§ Problem to solve: Nothing but the lines from the one with "Ratio 419 Concrete" down to the one with "Villa at 39650" should be returned, exactly and with both ends included, from the material below.

§ The data:
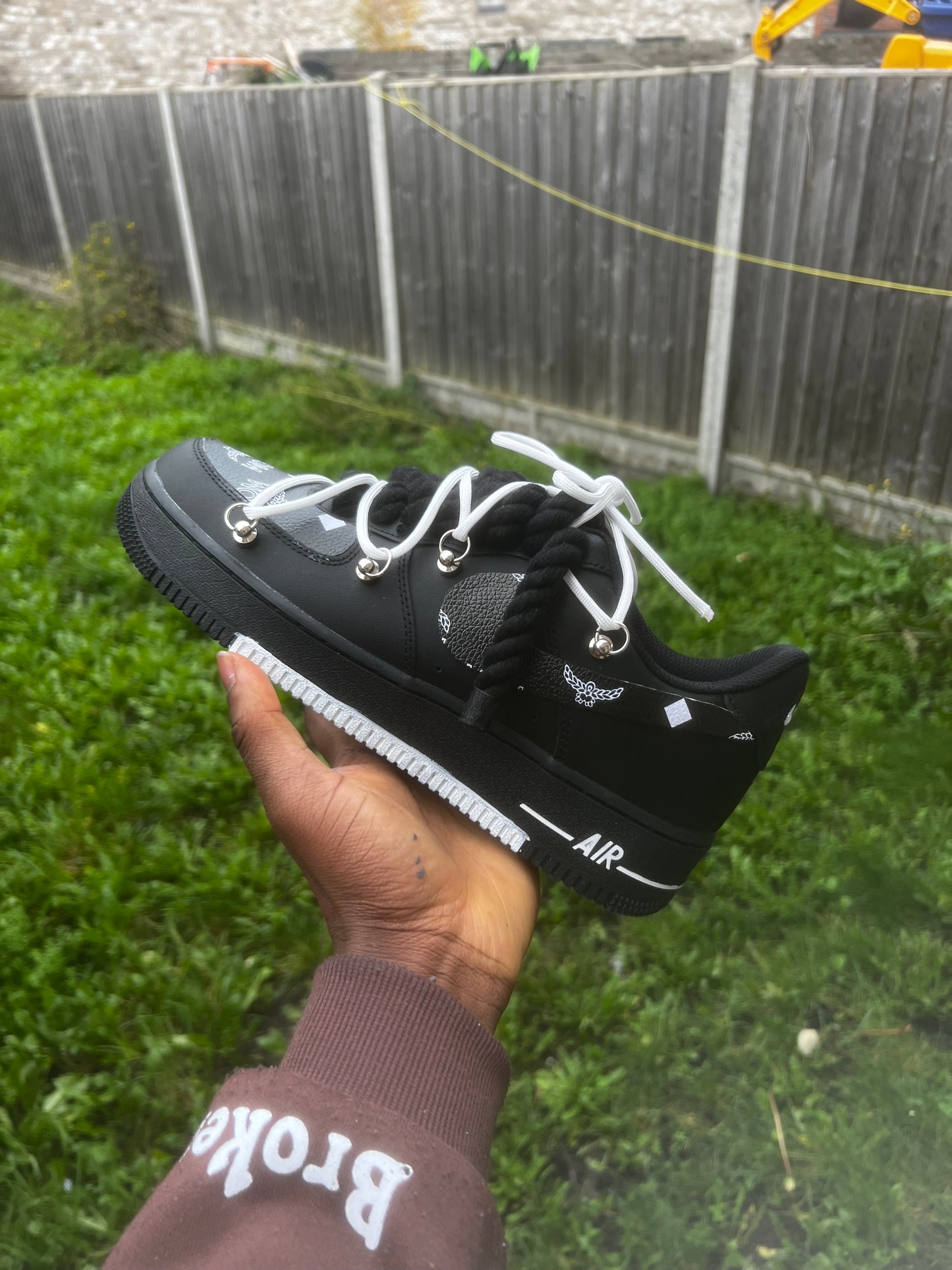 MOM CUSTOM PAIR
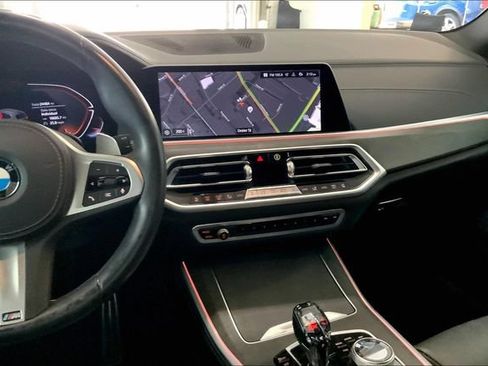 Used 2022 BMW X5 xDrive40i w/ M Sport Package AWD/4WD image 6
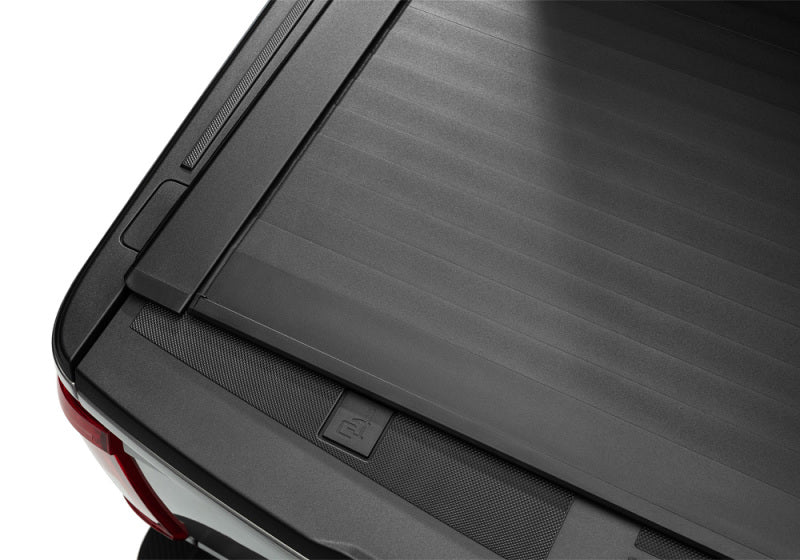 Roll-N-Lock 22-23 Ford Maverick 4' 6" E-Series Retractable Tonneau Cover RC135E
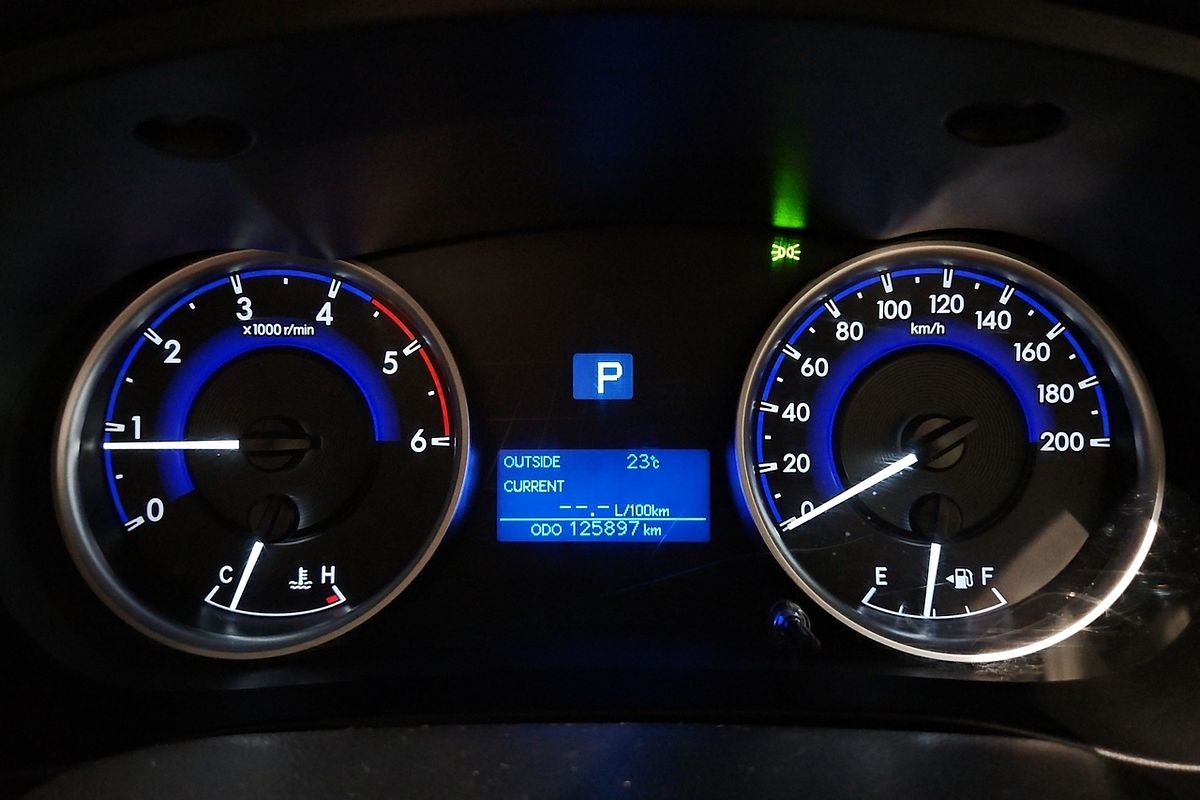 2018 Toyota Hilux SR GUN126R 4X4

* * *

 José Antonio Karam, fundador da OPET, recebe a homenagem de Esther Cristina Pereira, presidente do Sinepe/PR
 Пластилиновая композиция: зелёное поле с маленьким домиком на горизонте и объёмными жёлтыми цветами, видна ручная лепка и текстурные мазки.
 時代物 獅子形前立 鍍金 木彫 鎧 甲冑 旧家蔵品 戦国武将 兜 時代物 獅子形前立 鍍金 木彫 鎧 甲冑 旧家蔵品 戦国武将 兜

---

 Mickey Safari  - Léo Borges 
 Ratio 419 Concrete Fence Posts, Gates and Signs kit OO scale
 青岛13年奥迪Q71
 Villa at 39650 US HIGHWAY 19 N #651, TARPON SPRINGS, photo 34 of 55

§ Solution to this problem:
 Ratio 419 Concrete Fence Posts, Gates and Signs kit OO scale
 青岛13年奥迪Q71
 Villa at 39650 US HIGHWAY 19 N #651, TARPON SPRINGS, photo 34 of 55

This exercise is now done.